“Bullsh*t!” stormed Hisham. “It’s not worth it. No amount of money is worth this crap!” he cried as he slammed a stack of files on his table.
I then spent the next 10 minutes listening to him rant about how much his boss was stressing him out. Hisham’s diatribe got so vitriolic that he began stressing me out, too; nothing that a few cycles of karate-breathing couldn’t handle, though. When he was done, he stormed out of the office, none too pleased that he was unable to solicit the expected response – whatever that might have been – from me. It wasn’t that I did not empathise with him. I did. But at that point, there was nothing I could have said to him that would have done any good. So, what was the point?
Stressed? Really? Let’s think about this for a moment. Two things come to mind: Either he lacks the competence for the job, or he feels that his workload is not commensurate to his compensation package. Of course, there’s no of finding out which one is the culprit, at least, not without offending him.
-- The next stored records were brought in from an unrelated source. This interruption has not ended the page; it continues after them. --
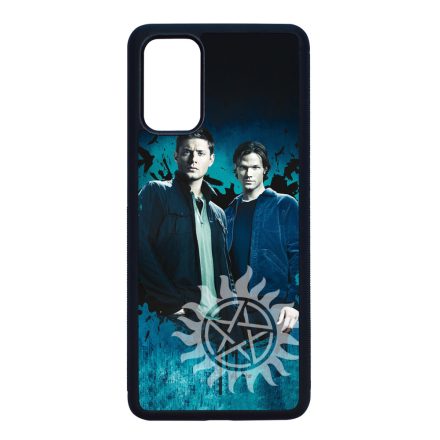 Dean & Sam Winchester supernatural odaát Samsung Galaxy S20 Plus tok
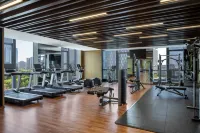 鄭州鄭東洲際酒店 - 健身室/gym room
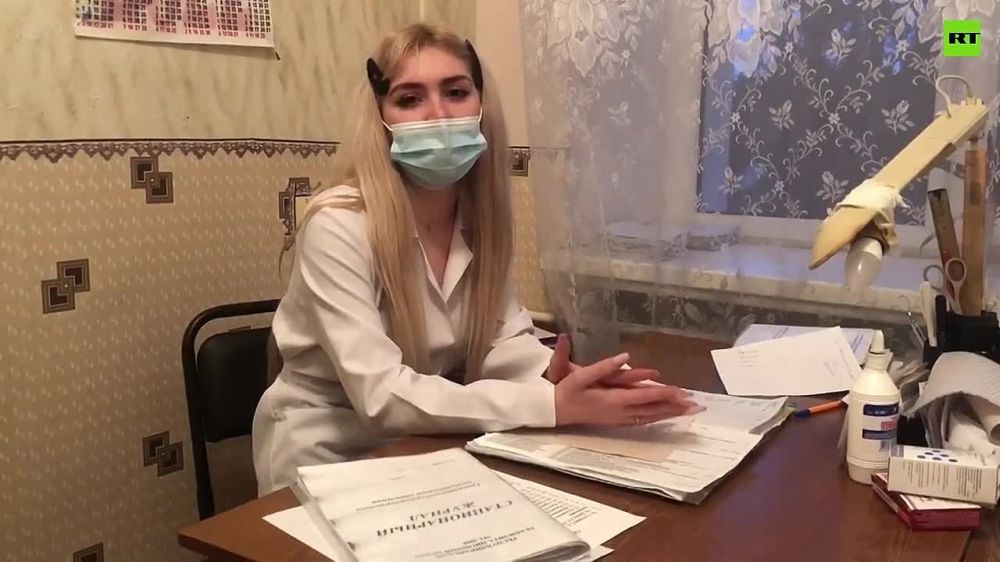 Репортёр ВГТРК Андрей Руденко @RtrDonetsk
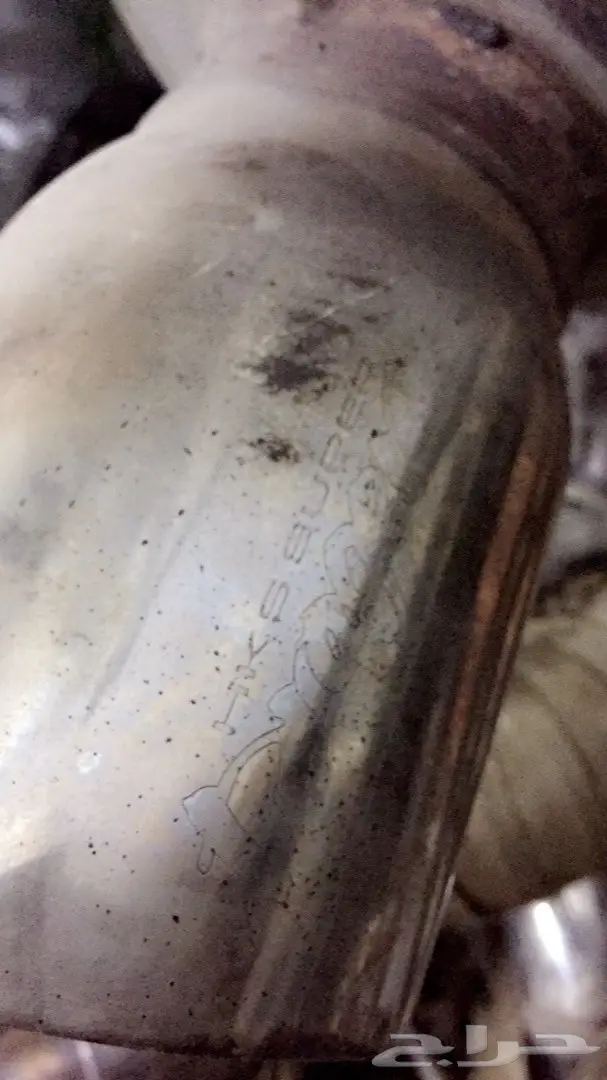 انتركولر قريدي 4 انش تويوتا سوبرا 94-98 (image 4)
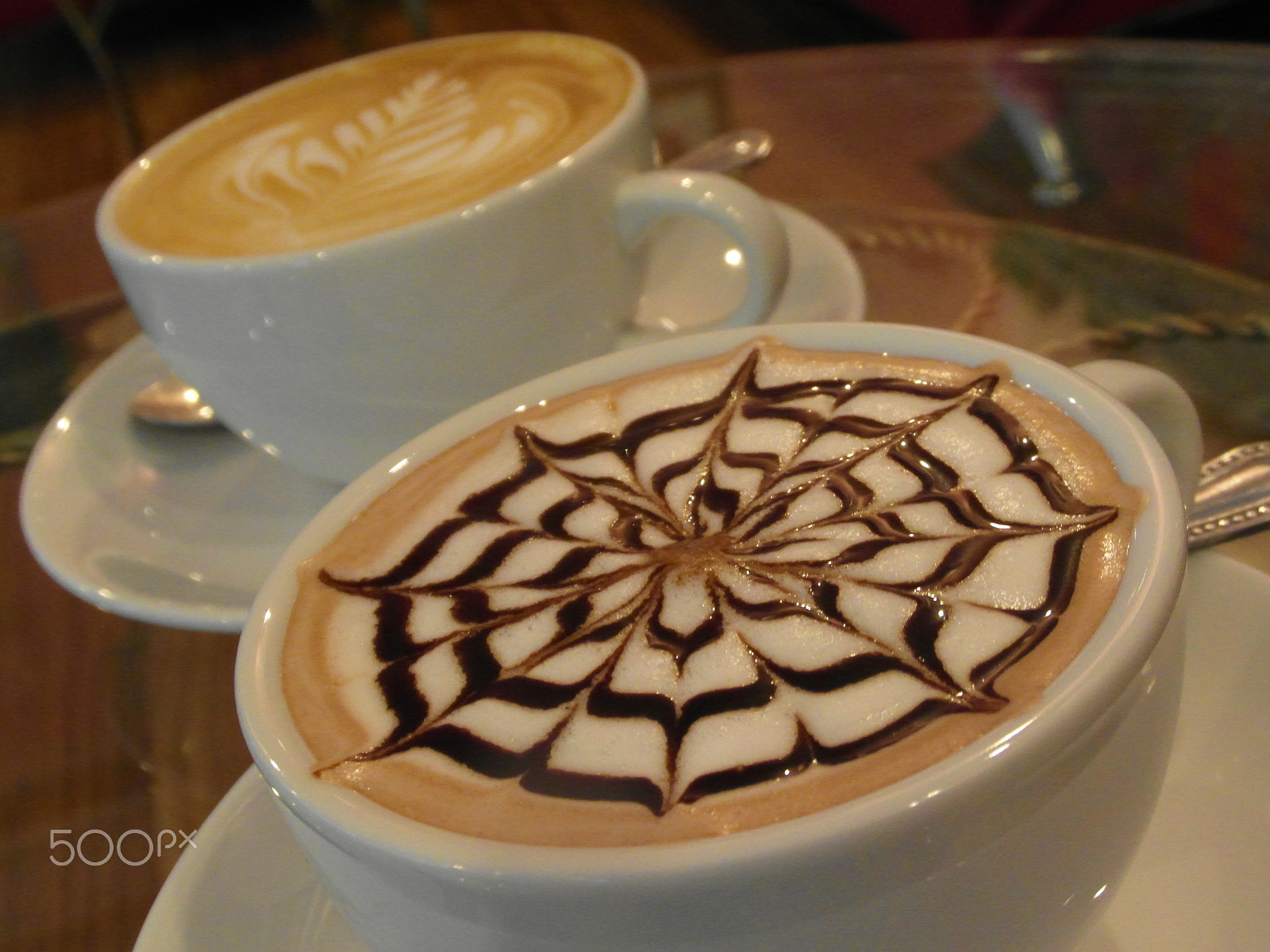 Samsung WB750 sample photo. Coffee shops photography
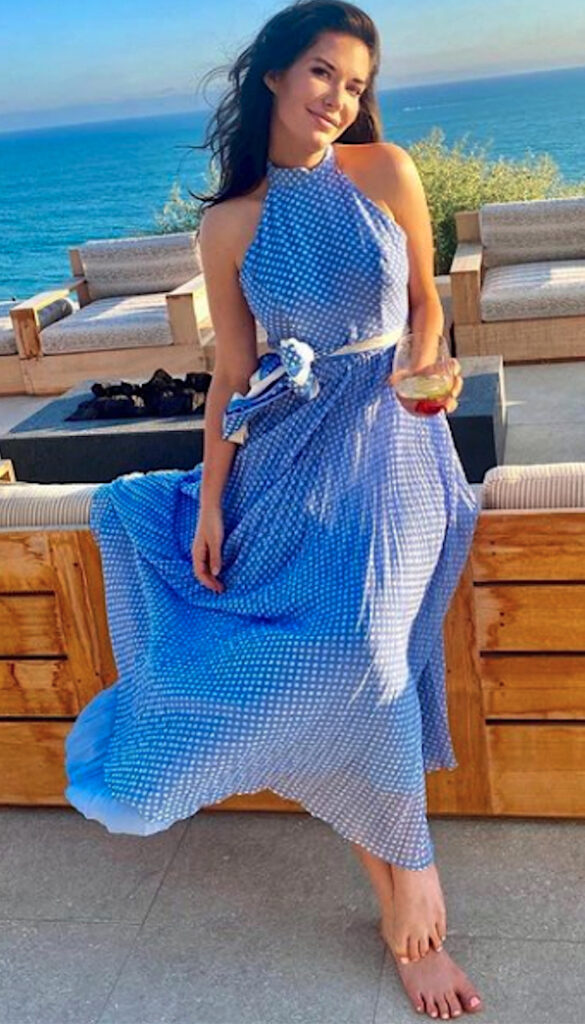 Erica Sturdefant Feet (2 photos)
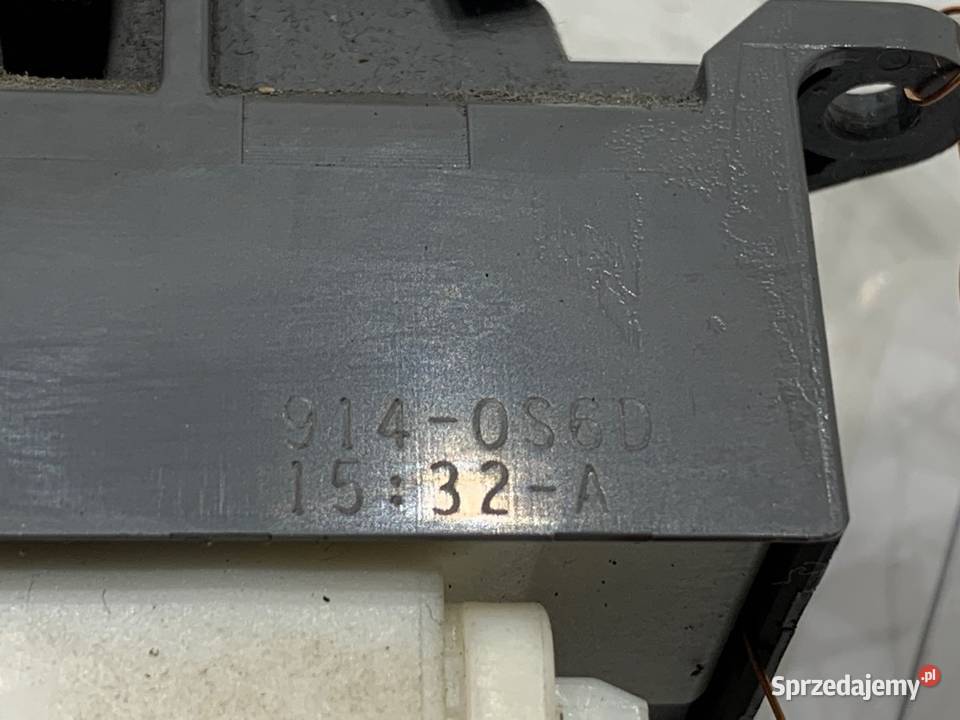 PRZEŁĄCZNIK SZYB TOYOTA AURIS I 0612 Hatchback sprzedam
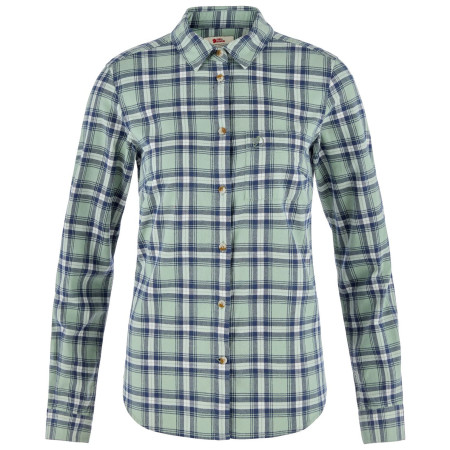 Chemise femme Fjällräven Övik Flannel Shirt W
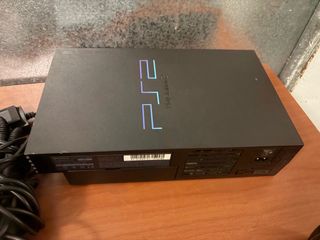 PlayStation 2 (PS2) + 11 Juegos + 2 mandos + dos m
So I sat there and continued my karate-breathing while waiting for him to cool-off and come back.
“It’s really not worth it. No matter how you look at it” Hisham tried to explain when he finally returned to his desk. He was obviously much calmer than he had been 10 minutes ago. “I mean, there’s only so much a person can do. I’m not Superman. I’ve never made myself out to be one” he continued.
“All we can do is our best, Hisham. Beyond that…” I offered.
“Try explaining that to the fire-breathing dragon in there” said Hisham, referring to his boss.
Finally, we managed to get down to business. When I left Hsham, I could not help but think that perhaps he was over-reacting to the demands made by his fire-breathing dragon. After all, I do know he is getting paid well over RM10K a month. So, what was his problem? For that kind of money, my boss could be slinging abuses at me until Singapore actually treated Malaysia like a sovereign state and I wouldn’t be any worse for the privilege.
If I sound judgemental, then it’s probably because I am being judgemental. I guess for Hisham, the pain of the stress is just more than the pleasure of receiving over RM10K every month. I guess we come from two very different places. And to be fair, this doesn’t make him worse than me; only different.
Not too long ago, if someone had given me RM10, my first question would have been: “Who do I have to kill?” And I meant that quite literally! Things were that bad at the time. I guess the pain of being poor still registers too vividly in my mind. Being poor is still worse than being verbally abused or stressed-out.
But of course, my going price isn’t RM10 anymore.